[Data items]
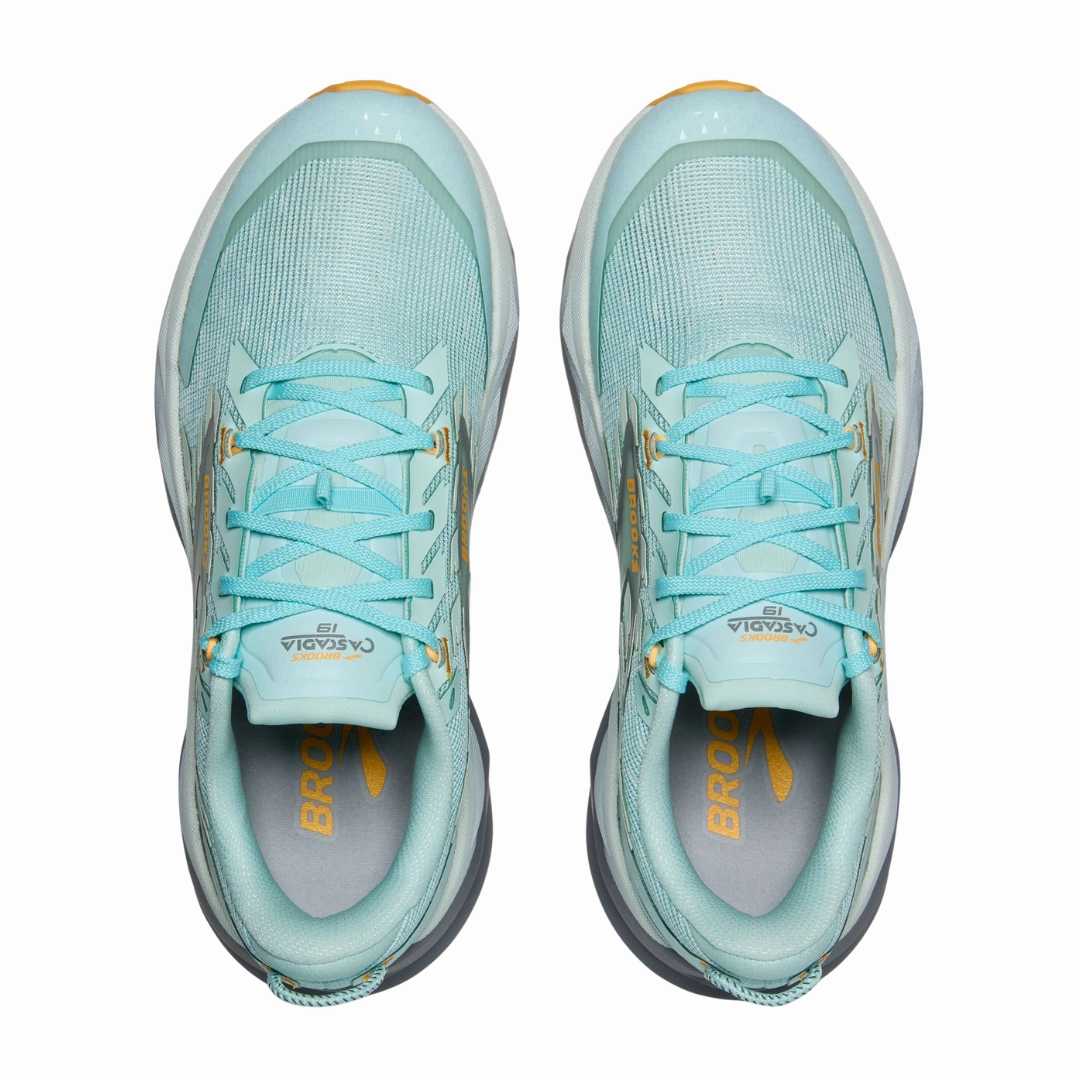 Brooks Womens Cascadia 19 - Trail Endorphin Trail Health Care Professional Shoe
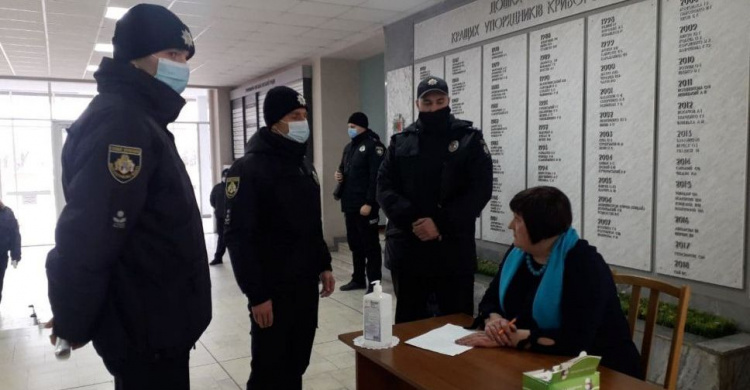 Депутати партії «Сила людей» подали заяву до поліції через перешкоджання їх діяльності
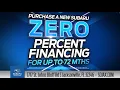 0 FINANCING AND NO PAYMENTS FOR 90 DAYS - ONLY AT SUBARU OF JACKSONVILLE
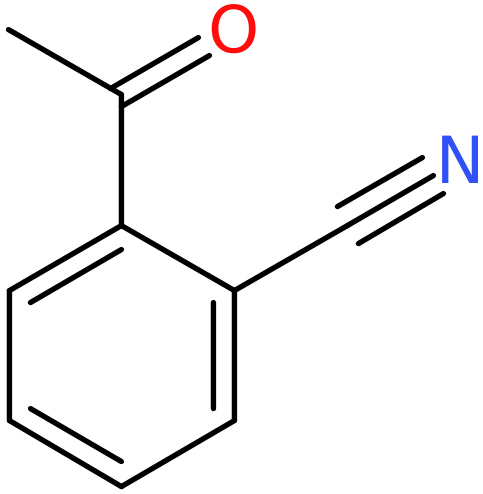 CAS: 91054-33-0 | 2-Acetylbenzonitrile, >97%, NX68244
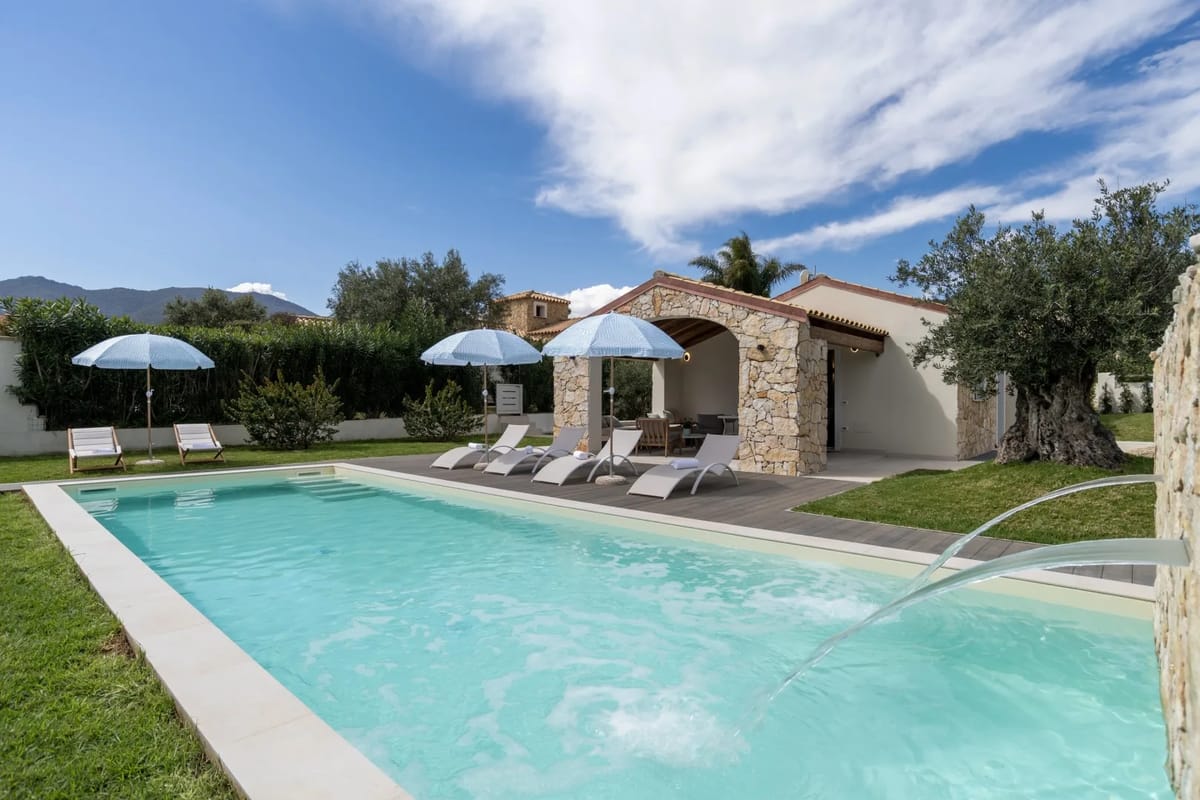 CASA MOROS 6 - Sardinia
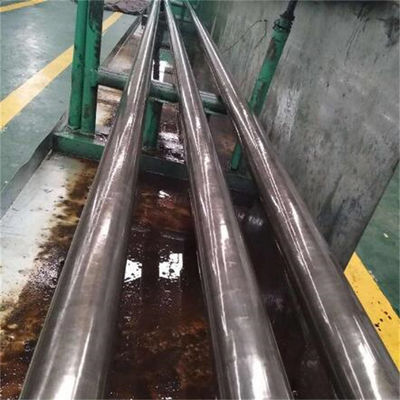 Nickel Alloy Reinforced Customized Size & Outer Diameter Pipe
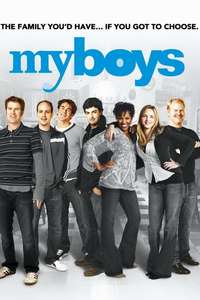 My Boys - Poster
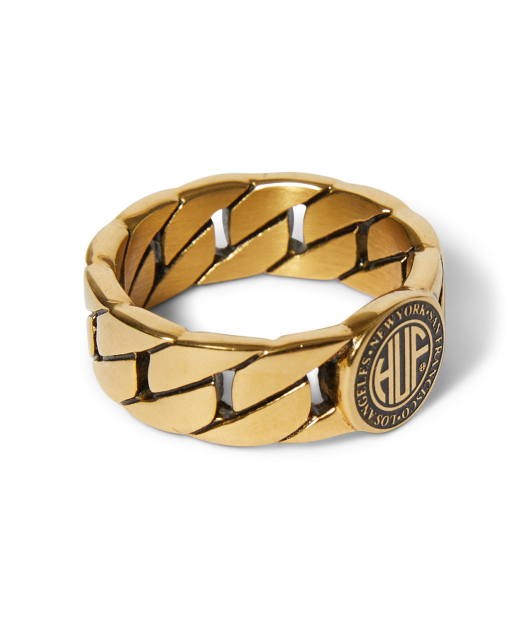 HUF-Regional Cuban Link Ring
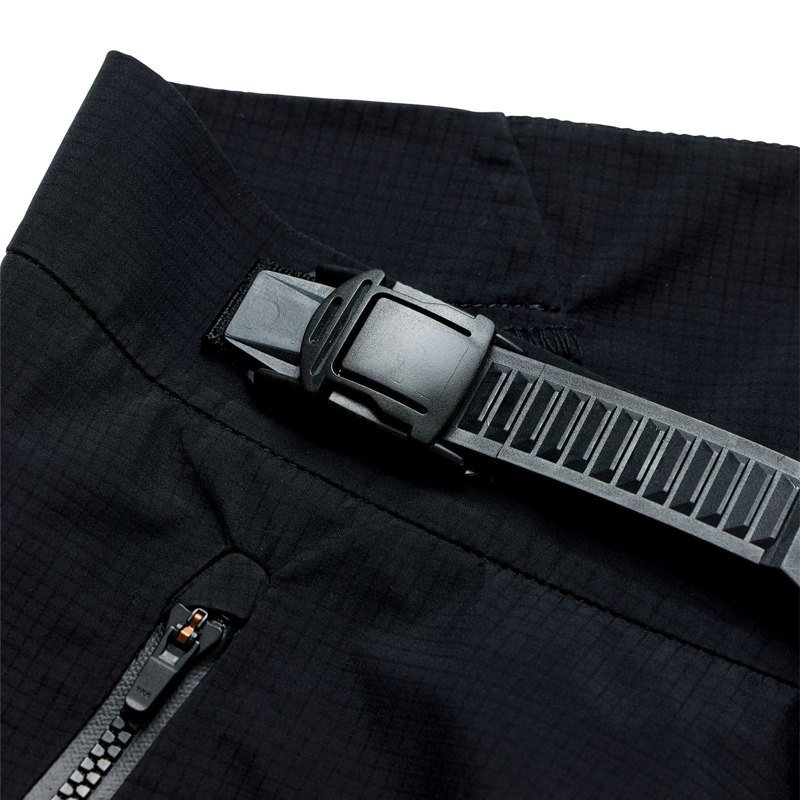 Troy Lee Resist Pro Mono Pant Mono Carbon-1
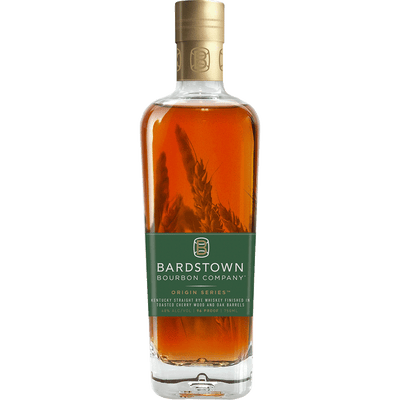 Bardstown Bourbon Origins Series Rye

- **Prompt**: Give back the data exactly. Skip any images.

- **Exercise solution**:
 Brooks Womens Cascadia 19 - Trail Endorphin Trail Health Care Professional Shoe
 Депутати партії «Сила людей» подали заяву до поліції через перешкоджання їх діяльності
 0 FINANCING AND NO PAYMENTS FOR 90 DAYS - ONLY AT SUBARU OF JACKSONVILLE
 CAS: 91054-33-0 | 2-Acetylbenzonitrile, >97%, NX68244
 CASA MOROS 6 - Sardinia
 Nickel Alloy Reinforced Customized Size & Outer Diameter Pipe
 My Boys - Poster
 HUF-Regional Cuban Link Ring
 Troy Lee Resist Pro Mono Pant Mono Carbon-1
 Bardstown Bourbon Origins Series Rye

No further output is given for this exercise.